Maritime cyber drills

Athletes don’t start running cross-country marathons, without months of training first. Army units don’t go into battle without doing endless training and simulations to prepare for every foreseeable incident. This is pretty standard practice. 

So following the relentless barrage of cyber attacks, it makes sense that maritime and logistics companies are turning to cybersecurity drills in their quest for cyber resilience. 

Companies operating in the ecosystem refuse to be sitting ducks any longer. While these cyberattacks may form the new normal and are almost inevitable, cybersecurity drills are a crucial step to building a company’s resilience. This gives them the ability not only to bounce back after an event, but to operate at some level during a cyber incident.

What are cybersecurity drills? 

Effective cyber security amounts to more than just planning technical defenses and responses. It requires drills that allow everyone in the organization, including customer service, operations, finance, legal, and corporate management, to practice responding and recovering from a cyber security incident. Cyber security drills have been proven to be hands down the best tool that maritime businesses have for minimizing the fallout from cyber security incidents.

While businesses in this industry do invest in cyber security, the investments tend to take the form of technological cyber defenses, rather than cross-organizational response planning, which has infinitely more potential in the long run. Research shows that organizations that test their cyber response plans save on average $2 million, versus those that do not complete any form of testing. Response planning in the form of cyber drills has the advantage of giving businesses the opportunity to actively practice how they will handle any incident in ‘real time’. These drills ensure that your teams’ response and recovery procedures are as watertight as possible.

Benefits of cyber drills

Cyber drills, or simulations have several significant benefits. They ensure that businesses can:

  1. Reality check: Demonstrate to what extent the business is actually prepared to handle a cyber attack.
  2. Organizational process: Develop “muscle memory” for managing teams and organizational processes during an attack response.
  3. Gap analysis: Find gaps in the current response plans and business continuity programs, and then address  them before a real-world attack occurs.
  4. Roles and responsibilities: Ensure that roles and responsibilities are properly defined within response plans by assessing whether each stakeholder is assigned the right responsibilities.
  5. The unknown: Uncover gaps, or discover the “unknown unknowns” about cyber response that you may not otherwise anticipate until an attack is underway.

To learn how cyber drills can benefit your business contact us today.

Why are maritime and logistics more vulnerable to cyber attacks?

Compared to many other industries, the maritime and logistics industries tend to be especially underprepared when it comes to managing cyber risks, according to the law firm Jones Walker LLP. This is slowly changing as the shipping and logistics industry is digitizing their systems at faster and faster rates today, due in part to the pressures of the pandemic.

The digitalization trend confers many benefits. But it also creates new problems.

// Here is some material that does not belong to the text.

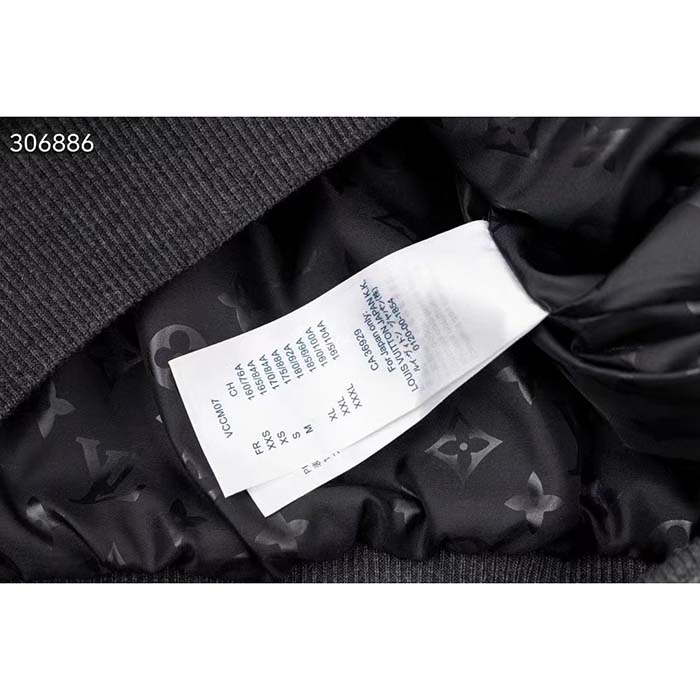 Louis Vuitton Men LV Fleece Blouson Regular Fit Front Zipped Closure Volcanic Ash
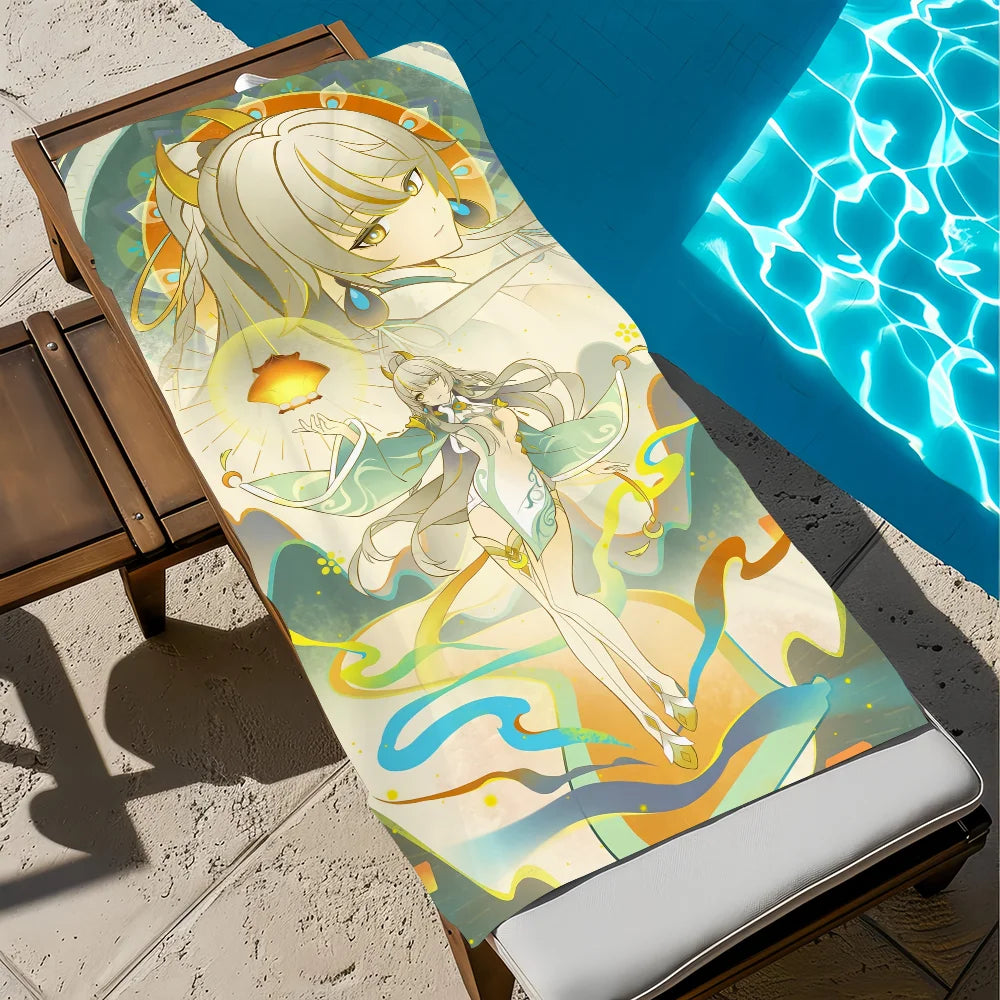 Genshin Impact Zibai Quick-Dry Beach Towel | Multi-Size Quick-Dry Beach Towel Peaceful Pleasures Health and Wellness z2 STJ70x140CM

Above all, in a world awash with cybercriminals and scammers, shipping companies that have digitized their operations are at higher risk of cyber attack. It becomes much easier for motivated cybercriminals to break into systems remotely and wreak havoc when those systems are connected to the Internet, as compared to analog technologies.

At the moment, many maritime businesses remain especially vulnerable to situations where they are unsure of how to deal with the fallout of an attack — mainly from an operational perspective. There has been a spate of recent attacks including one on South Korea’s HMM and Japan’s K-line which clearly illustrates that the industry is not as prepared as it could be, when companies as well established as these can fall victim to attack. These attacks are not limited to shipping companies, but also target the ports themselves, as was recently seen in South Africa. The industry simply isn’t ready to contain attacks or protect their operations in the midst of a cyber security breach.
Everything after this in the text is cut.